Too slow. One gigantic hand closed around him.
The fingers went through.
No pain.
No contact or sensation at all.
The second claw swiped through the water. It would disembowel him.
But it passed through him.
Illusion!
With the last of his strength Quinn reached the surface. He gagged on air and vomited seawater from his stomach. The monster was gone.
Big Goof hauled him like dead weight into the boat. Quinn lay on the bottom of the boat, uncomfortable atop the oars.
“You okay?”
Quinn couldn’t answer. If he tried he knew he would retch again. His voice was not yet back. He still felt as if he were breathing through a straw. But he was alive.
And now it all fell into place. That monster. The sound it made. He knew them.
Cloverfield.
It was the monster from the movie. The exact monster, the exact sound.
He sat up and coughed.
Then he stood up in the rocking boat and saw Caine and his crew climbing aboard the two motorboats.

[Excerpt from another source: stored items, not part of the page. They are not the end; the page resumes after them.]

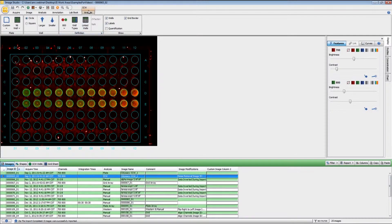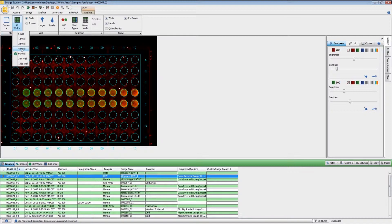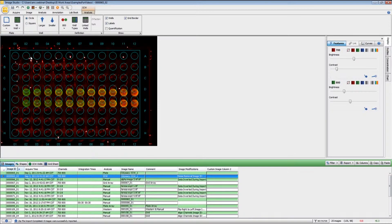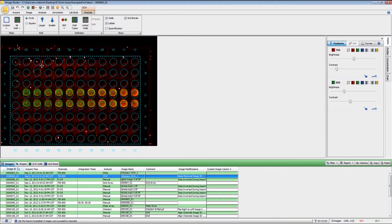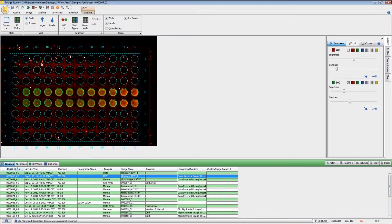You'll see that there is a new ribbon that comes up to the side. Here, if we start in the plate group, we can choose whatever type of plate that we have. So if you use, say for instance, a 24-well plate, you can set that and the 24-well plate analysis is applied. But in this particular case, we do have a 96-well plate, and if I click there, I can then move the plate into the correct location.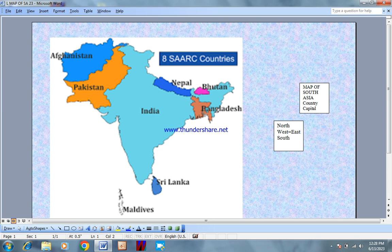Bangladesh — its capital and currency. In Bangladesh, the parliament is called Jatiya Sangsad and it is called Unicameral.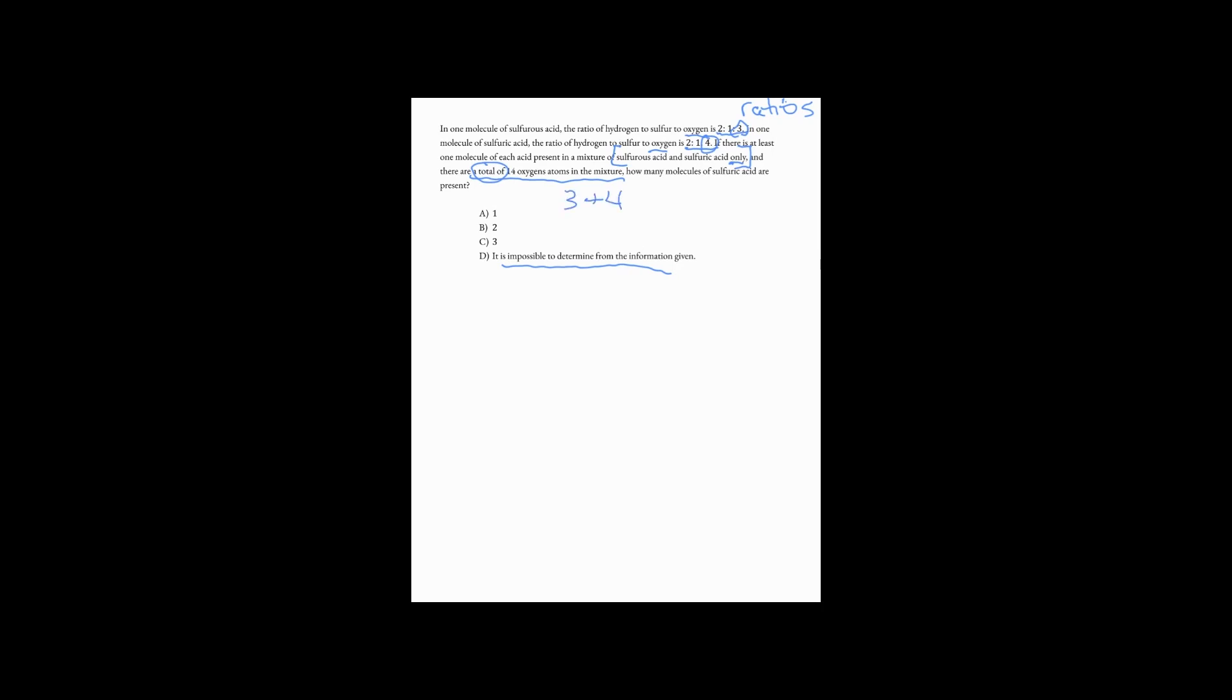If you notice that 3 plus 4 equals 7, and that 7 is half of 14, you might note that if we simply double it, it appears that there are two molecules of sulfurous (I'm just going to put the OUS, the only difference is the ending) and there's two molecules of sulfuric because everything here is multiplied by two.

Caine caught sight of him and sent him a wintry, ironic smile. There was a strange girl with him. She, too, stared at him, but she did not smile. Instead, she bared crooked teeth at him in a grimace that was far more threat than smile.

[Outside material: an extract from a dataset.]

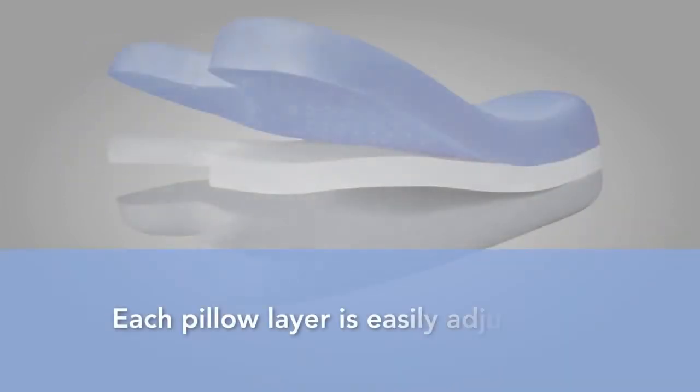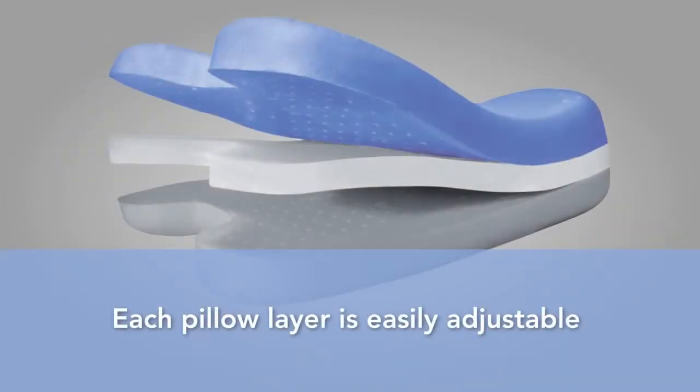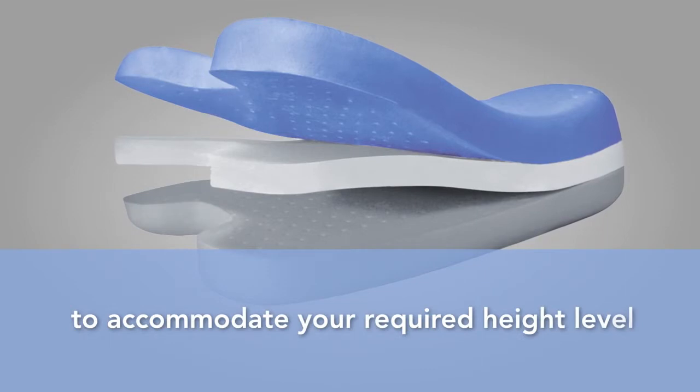Each pillow layer is easily adjustable to accommodate your required height level.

An engine started, throaty and rough. Then a second.
Quinn stayed where he was. No chance he could take on Caine. Caine could kill him with a gesture.
The two motorboats chugged slowly, cautiously, away from the pier.

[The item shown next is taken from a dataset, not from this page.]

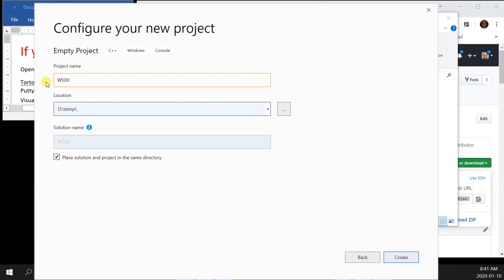It's going to create a project for you — don't touch anything while it loads. Once it comes up, look at the right side of Visual Studio: server explorer, toolbox, notifications, properties — close all of them. At the left side, right under your solution explorer, you have class view, property management, and team explorer. Except for class view, close everything.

There came the sound of running feet. A rush of kids, some armed. Quinn recognized Lance, then Hank. Finally Zil, hanging back, letting the other two get out in front.
They reached the end of the pier. Hank stopped, aimed, and fired.
The shot hit the Zodiac. The air blew out in a sudden exhale. The boat’s motor chugged beneath the water as the stern collapsed and sank.
Quinn climbed halfway up onto the pier to see. His jaw dropped.
Caine, wet and furious, rose and levitated above the sinking Zodiac.
He yanked Hank and his gun up into the air. Hank soared, twisting, crying out in terror, helpless. Up and up and up, and all the while Caine floated as his companions foundered.
A hundred feet in the air, Hank came to a stop. And then, down he came. But not falling. Too fast to be a fall. Too fast for it to be mere gravity.
Caine hurled Hank down from the graying sky. Like a meteor. Impossibly fast, a blur.
Hank hit the water. A huge spout went up, like someone had fired off a depth charge.
Quinn knew the waters of the marina. It was no more than eight feet deep where Hank hit. The bottom was sand and shell.